#### EXERCISE DATA
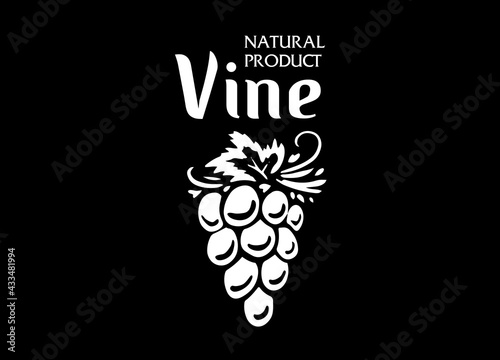 Vector logo drawn by hand. Bunch of grapes for making wine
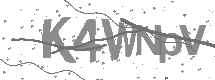 visual captcha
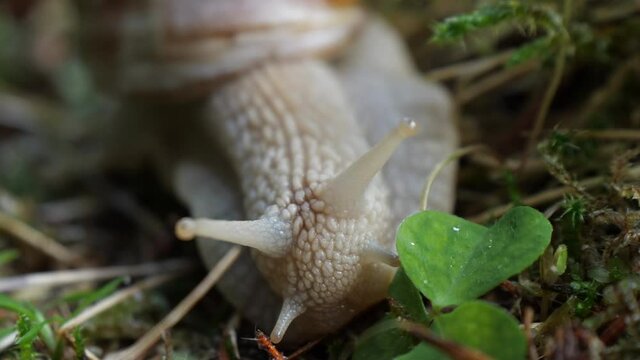 snail in its natural environment close up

#### TRY IT
Could you restate all of the data above word for word and skip every picture?

#### OUTPUT FOR THIS EXERCISE
 Vector logo drawn by hand. Bunch of grapes for making wine
 visual captcha
 snail in its natural environment close up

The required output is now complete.